Villepin et les banlieues : C'est les gouvernements qu'il faudrait sanctionner, pas les parents!07/12/20052005Journal/medias/journalnumero/images/2005/12/une1949.jpg.445x577_q85_box-0%2C104%2C1383%2C1896_crop_detail.jpg

Leur société

Villepin et les banlieues : C'est les gouvernements qu'il faudrait sanctionner, pas les parents!

Frapper au porte-monnaie les parents des élèves qui font l'école buissonnière ou perturbent les cours, telle est la principale mesure annoncée par Villepin lors de sa conférence de presse sur l'éducation le 1er décembre. Ils pourraient se voir infliger des amendes de 750 euros, la mise sous tutelle des allocations familiales ou leur suppression pure et simple.

Cela prendrait la forme hypocrite d'un "contrat de responsabilité". Les parents se verraient convoqués par l'Aide sociale à l'enfance et sommés de remettre leur progéniture dans le droit chemin.

Pour donner un air vaguement "éducatif" à la chose, il est question de les soutenir par une aide, une phase d'accompagnement des élèves et des parents. Ce serait aux départements d'inventer et surtout de financer cette demande. C'est dire si Villepin a des idées sur la manière de faire reprendre le chemin de l'école aux récalcitrants! Puis, après une "mise à l'épreuve" de trois à six mois, si la mission impossible fixée par l'État aux parents n'est pas accomplie, les sanctions pourraient tomber.

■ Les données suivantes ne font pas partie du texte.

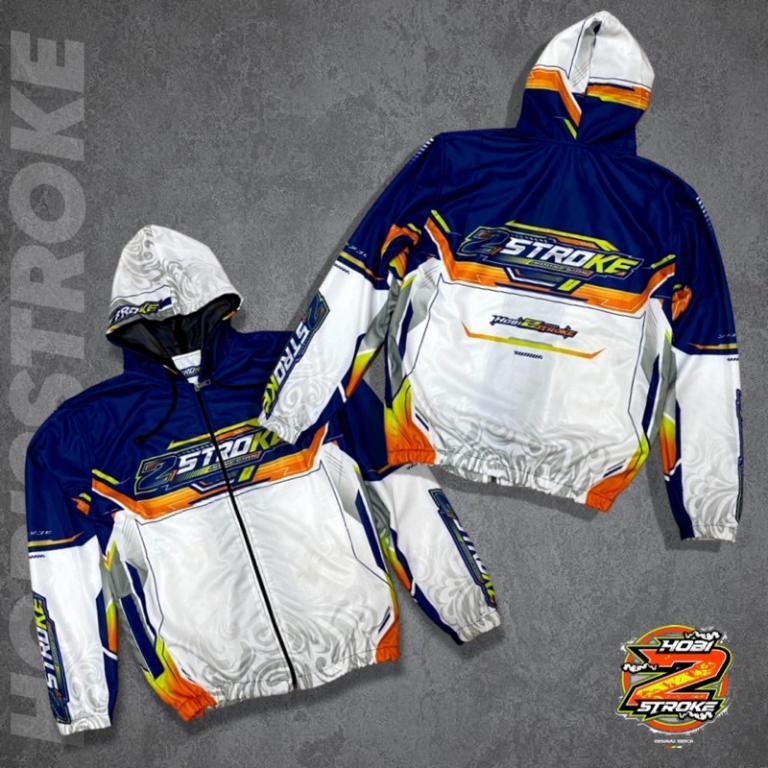 2stroke Racing Jacket Full Print Design Thick Material in Petaling Jaya - Image 1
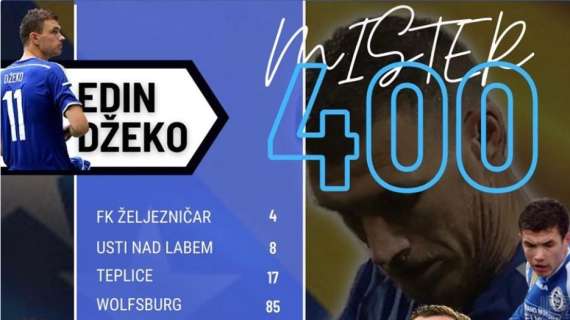 Dzeko mister 400 gol grazie alla doppietta di Verona: "Non servono parole"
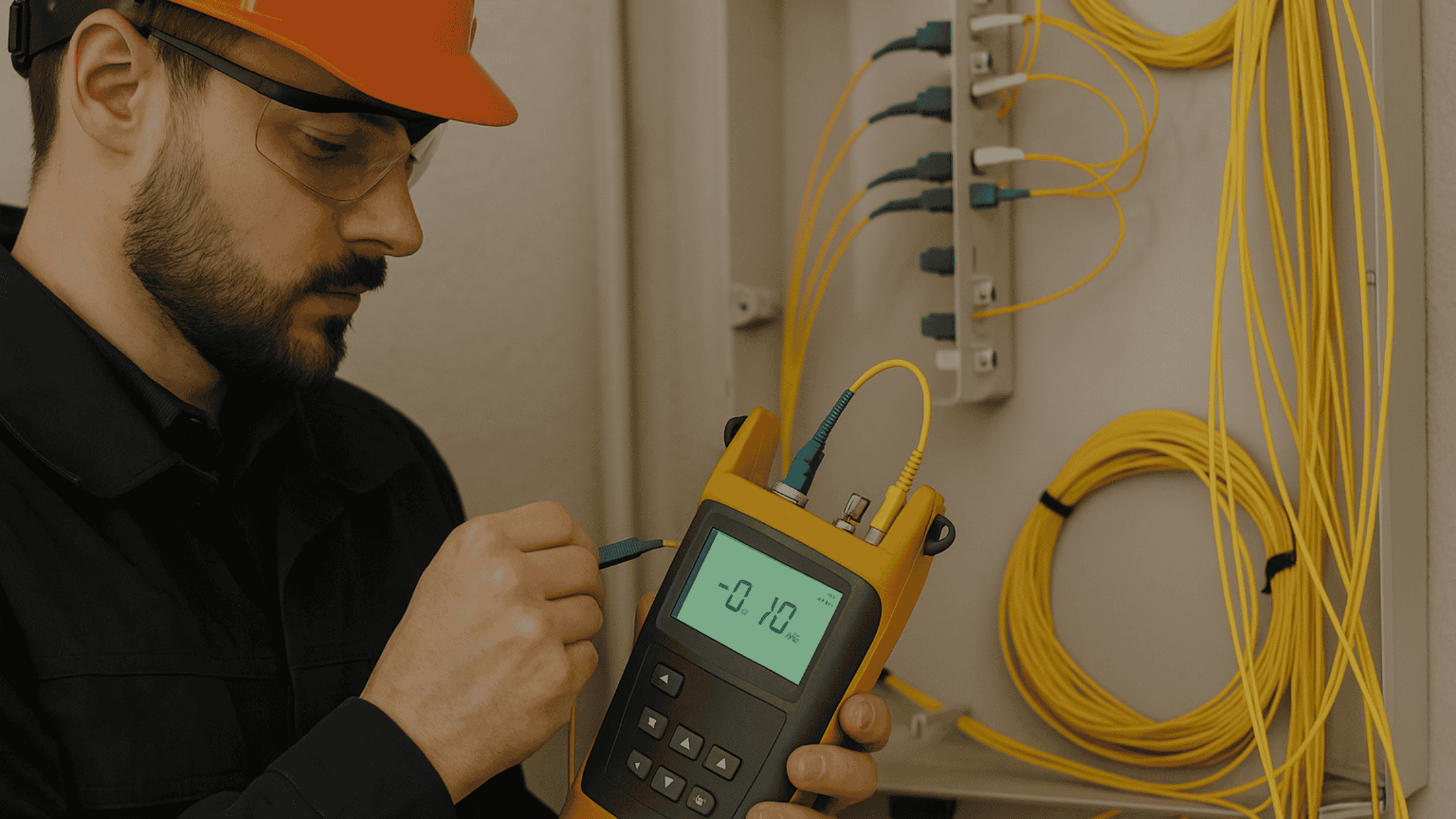 Fiber optic installer using OLTS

À vrai dire, on ne voit pas comment le fait de priver de ressources les familles concernées les aiderait à reprendre en main des situations qui bien souvent les dépassent. Ces mesures existent d'ailleurs déjà en partie, ou ont existé, et jamais elles n'ont eu le moindre effet visible. Mais tel n'est pas l'objectif de Villepin. Il veut surtout désigner les parents de ces enfants comme les principaux responsables de la flambée de violence dans les banlieues, et exonérer ainsi les responsabilités de l'État, et en particulier celles de son gouvernement. Rivalisant avec Sarkozy, Villepin espère trouver l'oreille, et qui sait les votes, d'une partie de ceux qui dans les cités voient leur vie pourrie par les bandes qui y sévissent. Bien au-delà, il vise aussi tout un électorat réactionnaire dont les enfants ont généralement d'autres endroits que les cages d'escalier pour se rencontrer et discuter. Il s'agit d'une démagogie de bas étage, même si elle est pratiquée sur le ton précieux et mondain d'un homme de la haute! Quant à mettre réellement un terme à la violence, au désintérêt pour la culture où aux comportements asociaux qui sévissent dans une partie de la jeunesse des cités, Villepin s'en soucie comme d'une guigne.

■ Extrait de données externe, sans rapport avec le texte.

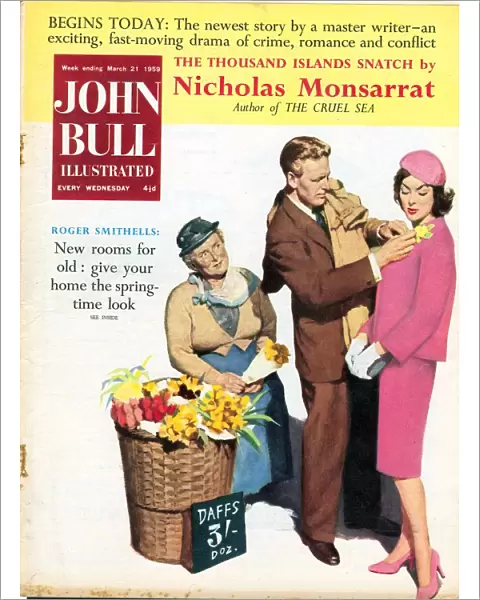 John Bull 1950s UK love flowers magazines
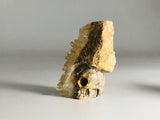 Skull Crystal Quartz Gemstone Cluster Totem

Car ces familles qu'il cloue aujourd'hui au pilori, en quoi l'État les a-t-il vraiment aidées quand il était possible que leurs enfants, encore très jeunes, reçoivent une autre éducation? À la maternelle, leurs maîtresses n'avaient déjà pas les moyens de leur apprendre à s'exprimer correctement, submergées par des classes trop nombreuses d'enfants ne parlant, à leur entrée à l'école, que la langue chacun de sa mère respective. Puis à l'école primaire, quand leurs institutrices ont constaté qu'ils n'arrivaient ni à lire ni à écrire, et en ont averti la famille, quelle aide ont-elles pu lui proposer? Au mieux un redoublement qui n'a rien arrangé, ou le conseil d'aller voir un orthophoniste dans un centre médico-pédagogique, pour lequel il y a de tout façon en banlieue un délai de plusieurs mois d'attente.

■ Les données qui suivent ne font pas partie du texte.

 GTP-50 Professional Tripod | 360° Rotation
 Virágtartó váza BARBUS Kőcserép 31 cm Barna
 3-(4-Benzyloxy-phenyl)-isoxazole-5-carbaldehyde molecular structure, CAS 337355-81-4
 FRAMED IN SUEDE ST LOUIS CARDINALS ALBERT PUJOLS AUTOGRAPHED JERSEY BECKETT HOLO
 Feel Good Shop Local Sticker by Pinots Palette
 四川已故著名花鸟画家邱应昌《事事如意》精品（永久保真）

Les moyens mis par l'État sont tellement dérisoires que les familles qui appellent au secours se retrouvent laissées à elles-mêmes face à des enfants leur échappant bien souvent de plus en plus quand ils grandissent. Et ce sont ces parents, premières victimes des insuffisances de l'État, dont Villepin voudrait faire des coupables et qu'il voudrait taxer comme tels, et avec eux toute une famille! Le tout au nom d'un principe qui a cours dans les systèmes autoritaires, celui de la responsabilité collective.

Il y aurait aujourd'hui 20000 familles dans le collimateur du gouvernement. Qui oserait prétendre que l'État n'aurait pas les moyens de les aider, et cela tout de suite? 20000, c'est moins que le nombre de patrons auxquels il verse des aides à fonds perdus!